GIVEN RECORDS.
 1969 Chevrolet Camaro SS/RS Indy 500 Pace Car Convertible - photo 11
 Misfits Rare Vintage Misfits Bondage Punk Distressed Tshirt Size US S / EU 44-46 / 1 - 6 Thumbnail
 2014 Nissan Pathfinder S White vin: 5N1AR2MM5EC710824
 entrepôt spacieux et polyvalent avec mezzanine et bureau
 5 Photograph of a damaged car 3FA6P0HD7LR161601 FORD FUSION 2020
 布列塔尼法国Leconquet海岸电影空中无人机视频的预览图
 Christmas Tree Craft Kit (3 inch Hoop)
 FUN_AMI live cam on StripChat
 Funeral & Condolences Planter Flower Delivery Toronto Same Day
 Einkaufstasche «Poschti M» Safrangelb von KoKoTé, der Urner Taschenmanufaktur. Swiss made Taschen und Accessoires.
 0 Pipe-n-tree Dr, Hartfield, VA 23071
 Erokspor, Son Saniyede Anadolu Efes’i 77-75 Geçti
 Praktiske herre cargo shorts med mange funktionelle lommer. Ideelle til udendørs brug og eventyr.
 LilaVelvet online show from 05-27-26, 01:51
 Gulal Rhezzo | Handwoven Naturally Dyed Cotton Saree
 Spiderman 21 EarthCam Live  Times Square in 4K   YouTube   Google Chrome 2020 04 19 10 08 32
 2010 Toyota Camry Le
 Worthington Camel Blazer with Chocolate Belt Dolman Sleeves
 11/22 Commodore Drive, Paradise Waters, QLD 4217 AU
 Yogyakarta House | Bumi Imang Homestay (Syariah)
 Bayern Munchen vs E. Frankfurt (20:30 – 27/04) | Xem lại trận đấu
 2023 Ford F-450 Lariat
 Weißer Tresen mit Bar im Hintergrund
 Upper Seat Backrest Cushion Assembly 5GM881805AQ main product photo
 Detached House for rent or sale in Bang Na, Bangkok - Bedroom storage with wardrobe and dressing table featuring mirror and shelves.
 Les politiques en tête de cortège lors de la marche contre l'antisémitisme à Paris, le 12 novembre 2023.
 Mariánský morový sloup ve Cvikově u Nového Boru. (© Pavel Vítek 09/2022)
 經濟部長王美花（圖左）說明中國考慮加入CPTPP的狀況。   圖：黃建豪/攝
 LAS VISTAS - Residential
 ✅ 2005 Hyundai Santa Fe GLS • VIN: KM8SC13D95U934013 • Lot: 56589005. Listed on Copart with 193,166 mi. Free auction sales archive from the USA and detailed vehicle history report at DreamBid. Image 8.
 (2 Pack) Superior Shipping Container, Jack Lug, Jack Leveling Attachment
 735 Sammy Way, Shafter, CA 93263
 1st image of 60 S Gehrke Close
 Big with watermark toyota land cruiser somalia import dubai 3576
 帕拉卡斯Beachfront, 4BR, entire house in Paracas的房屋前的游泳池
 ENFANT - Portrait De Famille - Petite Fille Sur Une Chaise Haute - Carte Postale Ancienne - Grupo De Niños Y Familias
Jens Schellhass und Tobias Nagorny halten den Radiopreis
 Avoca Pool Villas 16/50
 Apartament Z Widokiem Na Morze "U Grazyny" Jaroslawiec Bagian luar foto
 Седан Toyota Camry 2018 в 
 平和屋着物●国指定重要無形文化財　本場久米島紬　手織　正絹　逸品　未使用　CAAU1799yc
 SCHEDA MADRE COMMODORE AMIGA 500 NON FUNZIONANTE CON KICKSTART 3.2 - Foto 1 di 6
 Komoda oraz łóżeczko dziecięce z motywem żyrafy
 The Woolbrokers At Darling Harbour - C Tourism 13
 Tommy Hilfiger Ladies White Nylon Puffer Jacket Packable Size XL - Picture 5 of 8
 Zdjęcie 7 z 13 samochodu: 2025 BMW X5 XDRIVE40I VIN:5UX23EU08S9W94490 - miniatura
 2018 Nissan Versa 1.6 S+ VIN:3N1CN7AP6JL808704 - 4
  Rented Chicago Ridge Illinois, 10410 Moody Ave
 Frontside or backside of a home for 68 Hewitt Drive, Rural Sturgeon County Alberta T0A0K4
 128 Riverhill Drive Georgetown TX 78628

WHAT THE TASK ASKS.
Could you output the lines above, exactly as written, from the one containing "Rented Chicago Ridge" through the last, with both ends included and no others?

EXERCISE RESPONSE.
  Rented Chicago Ridge Illinois, 10410 Moody Ave
 Frontside or backside of a home for 68 Hewitt Drive, Rural Sturgeon County Alberta T0A0K4
 128 Riverhill Drive Georgetown TX 78628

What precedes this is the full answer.